千住宿には、元禄時代の哲学者安藤昌益が「自然真営道」という原稿を書き残しています。印刷する直前の稿本で膨大なものでした。安藤昌益は秋田出身で、八戸で町医師をしていましたが、なぜ原稿が千住宿に残っていたのか、その理由を調べる会です。そのためには、元禄時代を知らなければなりません。それで、いろいろと元禄時代を学びました。
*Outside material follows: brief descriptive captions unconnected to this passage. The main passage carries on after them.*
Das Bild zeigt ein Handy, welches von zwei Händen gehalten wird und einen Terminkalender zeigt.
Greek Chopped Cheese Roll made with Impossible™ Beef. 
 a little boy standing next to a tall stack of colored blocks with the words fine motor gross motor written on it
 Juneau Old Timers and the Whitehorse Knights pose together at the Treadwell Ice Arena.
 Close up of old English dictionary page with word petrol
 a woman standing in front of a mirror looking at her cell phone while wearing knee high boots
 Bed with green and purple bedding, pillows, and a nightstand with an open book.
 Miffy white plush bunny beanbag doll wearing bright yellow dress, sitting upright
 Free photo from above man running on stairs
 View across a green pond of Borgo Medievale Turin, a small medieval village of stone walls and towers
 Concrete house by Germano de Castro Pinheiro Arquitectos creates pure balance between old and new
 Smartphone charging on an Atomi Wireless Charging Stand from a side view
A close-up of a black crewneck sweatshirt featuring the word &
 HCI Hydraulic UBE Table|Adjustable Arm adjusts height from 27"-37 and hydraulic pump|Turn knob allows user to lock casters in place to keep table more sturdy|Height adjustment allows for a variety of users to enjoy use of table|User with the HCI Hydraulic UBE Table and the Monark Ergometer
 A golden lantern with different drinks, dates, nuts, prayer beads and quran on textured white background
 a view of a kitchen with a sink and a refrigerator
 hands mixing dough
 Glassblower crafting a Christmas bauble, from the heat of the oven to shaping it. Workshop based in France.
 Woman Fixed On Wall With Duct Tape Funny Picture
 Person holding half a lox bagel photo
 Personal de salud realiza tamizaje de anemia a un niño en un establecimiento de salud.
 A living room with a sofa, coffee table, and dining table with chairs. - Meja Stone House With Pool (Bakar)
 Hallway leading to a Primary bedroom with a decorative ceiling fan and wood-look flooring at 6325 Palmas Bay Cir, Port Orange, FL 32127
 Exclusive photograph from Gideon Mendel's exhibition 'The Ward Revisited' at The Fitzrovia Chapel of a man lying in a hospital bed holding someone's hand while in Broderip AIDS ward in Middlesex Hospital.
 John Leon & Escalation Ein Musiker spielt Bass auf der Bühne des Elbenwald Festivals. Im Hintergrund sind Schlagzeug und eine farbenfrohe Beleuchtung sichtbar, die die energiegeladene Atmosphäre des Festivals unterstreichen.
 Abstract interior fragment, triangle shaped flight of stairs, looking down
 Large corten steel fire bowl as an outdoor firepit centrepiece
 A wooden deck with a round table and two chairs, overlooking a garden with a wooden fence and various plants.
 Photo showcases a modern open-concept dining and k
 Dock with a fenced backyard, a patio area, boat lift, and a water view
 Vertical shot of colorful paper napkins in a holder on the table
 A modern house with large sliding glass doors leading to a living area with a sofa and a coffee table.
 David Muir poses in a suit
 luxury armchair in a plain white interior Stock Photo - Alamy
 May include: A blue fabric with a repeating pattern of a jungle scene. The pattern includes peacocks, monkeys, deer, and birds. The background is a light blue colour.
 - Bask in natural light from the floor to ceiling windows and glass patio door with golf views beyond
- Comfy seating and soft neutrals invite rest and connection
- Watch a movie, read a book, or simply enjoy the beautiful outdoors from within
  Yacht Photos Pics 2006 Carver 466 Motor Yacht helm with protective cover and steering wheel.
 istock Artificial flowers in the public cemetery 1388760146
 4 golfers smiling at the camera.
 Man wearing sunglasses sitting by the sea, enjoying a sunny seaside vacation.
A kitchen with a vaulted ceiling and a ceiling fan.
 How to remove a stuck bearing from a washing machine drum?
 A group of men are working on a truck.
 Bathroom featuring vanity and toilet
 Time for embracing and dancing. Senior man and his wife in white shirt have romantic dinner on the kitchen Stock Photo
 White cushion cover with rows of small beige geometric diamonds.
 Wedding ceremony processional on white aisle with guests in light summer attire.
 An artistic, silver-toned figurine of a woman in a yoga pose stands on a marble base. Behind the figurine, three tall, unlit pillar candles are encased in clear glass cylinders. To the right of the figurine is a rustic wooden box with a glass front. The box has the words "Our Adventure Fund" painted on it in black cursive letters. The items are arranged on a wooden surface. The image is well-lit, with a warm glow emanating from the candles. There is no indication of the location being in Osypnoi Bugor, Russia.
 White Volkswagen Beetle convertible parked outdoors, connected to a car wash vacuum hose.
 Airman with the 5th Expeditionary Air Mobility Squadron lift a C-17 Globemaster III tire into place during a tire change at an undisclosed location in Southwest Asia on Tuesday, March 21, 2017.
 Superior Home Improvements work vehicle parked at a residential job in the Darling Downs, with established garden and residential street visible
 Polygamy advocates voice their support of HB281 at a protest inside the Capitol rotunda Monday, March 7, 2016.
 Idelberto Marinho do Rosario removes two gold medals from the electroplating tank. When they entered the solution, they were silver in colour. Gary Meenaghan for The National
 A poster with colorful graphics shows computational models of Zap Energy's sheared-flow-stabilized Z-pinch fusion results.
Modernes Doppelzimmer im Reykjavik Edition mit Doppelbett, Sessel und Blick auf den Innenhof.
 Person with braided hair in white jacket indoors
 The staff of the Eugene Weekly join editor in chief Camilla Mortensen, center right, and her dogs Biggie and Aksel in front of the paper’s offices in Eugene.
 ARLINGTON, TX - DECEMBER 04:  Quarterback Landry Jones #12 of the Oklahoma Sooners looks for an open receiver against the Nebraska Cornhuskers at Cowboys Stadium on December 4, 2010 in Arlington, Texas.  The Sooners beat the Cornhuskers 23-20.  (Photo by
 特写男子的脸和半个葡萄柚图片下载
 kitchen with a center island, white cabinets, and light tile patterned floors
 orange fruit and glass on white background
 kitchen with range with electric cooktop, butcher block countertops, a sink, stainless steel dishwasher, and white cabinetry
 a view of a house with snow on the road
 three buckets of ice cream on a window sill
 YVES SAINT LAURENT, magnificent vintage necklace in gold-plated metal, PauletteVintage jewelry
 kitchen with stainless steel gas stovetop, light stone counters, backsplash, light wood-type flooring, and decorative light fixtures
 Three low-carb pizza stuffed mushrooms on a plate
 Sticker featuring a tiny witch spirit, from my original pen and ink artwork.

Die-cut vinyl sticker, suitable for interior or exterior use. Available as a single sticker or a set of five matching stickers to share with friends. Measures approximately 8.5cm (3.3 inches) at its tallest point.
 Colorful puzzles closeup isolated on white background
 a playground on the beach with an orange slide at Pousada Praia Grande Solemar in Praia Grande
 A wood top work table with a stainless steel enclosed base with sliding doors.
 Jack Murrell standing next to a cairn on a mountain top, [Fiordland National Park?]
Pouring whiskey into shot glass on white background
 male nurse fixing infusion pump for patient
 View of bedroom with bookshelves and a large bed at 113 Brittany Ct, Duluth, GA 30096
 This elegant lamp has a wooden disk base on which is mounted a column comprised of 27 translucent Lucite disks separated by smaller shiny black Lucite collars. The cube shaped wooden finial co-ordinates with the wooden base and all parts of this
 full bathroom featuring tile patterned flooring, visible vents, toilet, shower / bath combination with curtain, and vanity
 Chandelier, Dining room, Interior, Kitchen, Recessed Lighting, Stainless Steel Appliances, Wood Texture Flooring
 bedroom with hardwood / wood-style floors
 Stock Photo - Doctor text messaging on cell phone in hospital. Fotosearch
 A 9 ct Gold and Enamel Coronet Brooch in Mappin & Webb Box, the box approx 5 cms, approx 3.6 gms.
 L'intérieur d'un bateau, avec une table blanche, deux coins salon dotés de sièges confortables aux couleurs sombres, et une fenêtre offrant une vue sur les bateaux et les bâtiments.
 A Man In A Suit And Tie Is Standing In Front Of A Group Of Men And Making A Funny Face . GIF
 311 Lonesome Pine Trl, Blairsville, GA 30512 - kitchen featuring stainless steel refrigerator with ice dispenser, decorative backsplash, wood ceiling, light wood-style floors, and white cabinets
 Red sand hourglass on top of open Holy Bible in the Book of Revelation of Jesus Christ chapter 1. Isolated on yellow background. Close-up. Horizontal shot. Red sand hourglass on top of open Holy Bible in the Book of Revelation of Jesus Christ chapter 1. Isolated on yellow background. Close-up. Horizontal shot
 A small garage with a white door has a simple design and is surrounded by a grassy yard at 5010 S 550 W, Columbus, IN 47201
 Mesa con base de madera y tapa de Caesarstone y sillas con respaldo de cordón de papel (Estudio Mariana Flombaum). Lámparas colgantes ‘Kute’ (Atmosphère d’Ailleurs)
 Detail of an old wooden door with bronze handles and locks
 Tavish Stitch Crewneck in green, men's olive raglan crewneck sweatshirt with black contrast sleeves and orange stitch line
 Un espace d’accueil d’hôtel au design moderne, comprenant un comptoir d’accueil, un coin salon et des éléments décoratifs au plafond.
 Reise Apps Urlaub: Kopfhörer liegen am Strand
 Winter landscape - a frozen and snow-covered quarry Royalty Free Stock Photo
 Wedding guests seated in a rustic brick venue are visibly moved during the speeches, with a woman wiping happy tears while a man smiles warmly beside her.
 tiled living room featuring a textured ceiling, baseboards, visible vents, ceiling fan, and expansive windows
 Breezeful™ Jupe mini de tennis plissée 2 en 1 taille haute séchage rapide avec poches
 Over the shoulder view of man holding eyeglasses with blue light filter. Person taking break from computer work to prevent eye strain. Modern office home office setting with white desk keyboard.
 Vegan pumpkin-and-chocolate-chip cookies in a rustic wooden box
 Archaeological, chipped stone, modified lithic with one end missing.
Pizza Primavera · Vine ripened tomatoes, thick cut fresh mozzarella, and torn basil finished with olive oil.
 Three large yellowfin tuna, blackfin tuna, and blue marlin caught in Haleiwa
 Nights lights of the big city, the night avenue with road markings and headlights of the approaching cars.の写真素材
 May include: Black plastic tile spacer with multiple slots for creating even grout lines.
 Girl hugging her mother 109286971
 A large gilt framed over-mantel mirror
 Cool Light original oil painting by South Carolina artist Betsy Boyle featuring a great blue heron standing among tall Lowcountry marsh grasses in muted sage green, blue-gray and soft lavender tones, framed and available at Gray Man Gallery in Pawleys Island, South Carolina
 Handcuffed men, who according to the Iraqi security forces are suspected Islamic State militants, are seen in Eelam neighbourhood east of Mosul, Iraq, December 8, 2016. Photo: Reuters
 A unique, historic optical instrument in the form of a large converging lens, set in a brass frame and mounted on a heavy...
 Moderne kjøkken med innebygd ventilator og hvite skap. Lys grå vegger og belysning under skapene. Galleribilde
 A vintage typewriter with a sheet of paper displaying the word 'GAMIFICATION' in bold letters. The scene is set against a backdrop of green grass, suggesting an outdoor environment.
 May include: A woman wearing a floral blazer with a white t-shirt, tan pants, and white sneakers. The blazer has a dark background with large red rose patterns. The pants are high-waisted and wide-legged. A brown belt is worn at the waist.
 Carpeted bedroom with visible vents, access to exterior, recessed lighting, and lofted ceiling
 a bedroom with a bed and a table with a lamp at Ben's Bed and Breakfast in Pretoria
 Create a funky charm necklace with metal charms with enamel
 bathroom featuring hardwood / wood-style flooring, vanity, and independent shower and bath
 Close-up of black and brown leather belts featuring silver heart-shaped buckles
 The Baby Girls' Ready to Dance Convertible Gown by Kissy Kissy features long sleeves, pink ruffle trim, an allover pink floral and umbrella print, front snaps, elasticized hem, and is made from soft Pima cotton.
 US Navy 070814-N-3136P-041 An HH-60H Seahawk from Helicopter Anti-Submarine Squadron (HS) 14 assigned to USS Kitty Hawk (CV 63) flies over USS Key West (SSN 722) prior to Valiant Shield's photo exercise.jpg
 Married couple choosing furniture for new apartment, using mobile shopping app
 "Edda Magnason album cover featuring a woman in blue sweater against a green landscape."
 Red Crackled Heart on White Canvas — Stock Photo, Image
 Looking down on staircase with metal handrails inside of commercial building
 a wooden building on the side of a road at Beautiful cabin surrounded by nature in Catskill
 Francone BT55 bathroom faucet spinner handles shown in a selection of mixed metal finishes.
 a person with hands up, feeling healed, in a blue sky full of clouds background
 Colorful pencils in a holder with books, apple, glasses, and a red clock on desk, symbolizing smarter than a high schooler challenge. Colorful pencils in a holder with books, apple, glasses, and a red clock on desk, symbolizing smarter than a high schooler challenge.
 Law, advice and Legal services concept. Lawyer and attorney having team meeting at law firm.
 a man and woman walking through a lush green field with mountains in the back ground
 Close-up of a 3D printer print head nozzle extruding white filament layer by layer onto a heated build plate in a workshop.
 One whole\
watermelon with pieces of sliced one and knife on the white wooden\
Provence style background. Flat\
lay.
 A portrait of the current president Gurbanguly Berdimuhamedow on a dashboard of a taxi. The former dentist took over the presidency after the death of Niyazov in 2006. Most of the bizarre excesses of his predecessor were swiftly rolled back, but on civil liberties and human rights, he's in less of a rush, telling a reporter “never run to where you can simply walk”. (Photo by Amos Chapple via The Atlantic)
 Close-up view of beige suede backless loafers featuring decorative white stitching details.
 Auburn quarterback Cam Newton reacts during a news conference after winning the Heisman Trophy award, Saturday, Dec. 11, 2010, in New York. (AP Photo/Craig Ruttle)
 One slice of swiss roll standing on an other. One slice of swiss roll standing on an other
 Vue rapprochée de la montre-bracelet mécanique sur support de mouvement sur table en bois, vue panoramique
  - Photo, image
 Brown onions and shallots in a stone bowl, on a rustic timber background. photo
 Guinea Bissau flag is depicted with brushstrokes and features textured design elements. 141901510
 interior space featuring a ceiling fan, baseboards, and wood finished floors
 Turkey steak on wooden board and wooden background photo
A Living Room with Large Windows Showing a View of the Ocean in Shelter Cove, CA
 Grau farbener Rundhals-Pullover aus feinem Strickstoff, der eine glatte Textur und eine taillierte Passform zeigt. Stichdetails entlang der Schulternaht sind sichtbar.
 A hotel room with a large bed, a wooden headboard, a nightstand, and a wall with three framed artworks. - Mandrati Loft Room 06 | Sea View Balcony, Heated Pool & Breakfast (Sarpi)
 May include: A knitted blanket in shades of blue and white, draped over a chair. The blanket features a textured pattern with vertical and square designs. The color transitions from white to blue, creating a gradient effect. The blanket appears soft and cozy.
その結果、結論としては封建的だといわれる江戸時代でも、安藤昌益のような民主主義的なものの考え方をする人たちがいた、ということが分かりました。ミカド、幕府、大名の支配、士農工商の身分制度でがんじがらめになって、身動きがとれない時代だっと思っていましたが、街中で暮らす庶民はけっこう自由に生きていたようなのです。
特に、千住宿は江戸から離れているので、代官支配と町奉行支配が入り交じって、江戸内なのか、外なのか、流動的な地域でした。そのため、文人墨客が集まり、酒合戦、俳諧を楽しむ土壌があったと考えられます。安藤昌益の哲学は、千住宿にそのような自由と民主主義を育てる土壌があったからこそ、「自然真営道」があったのではないか、ということです。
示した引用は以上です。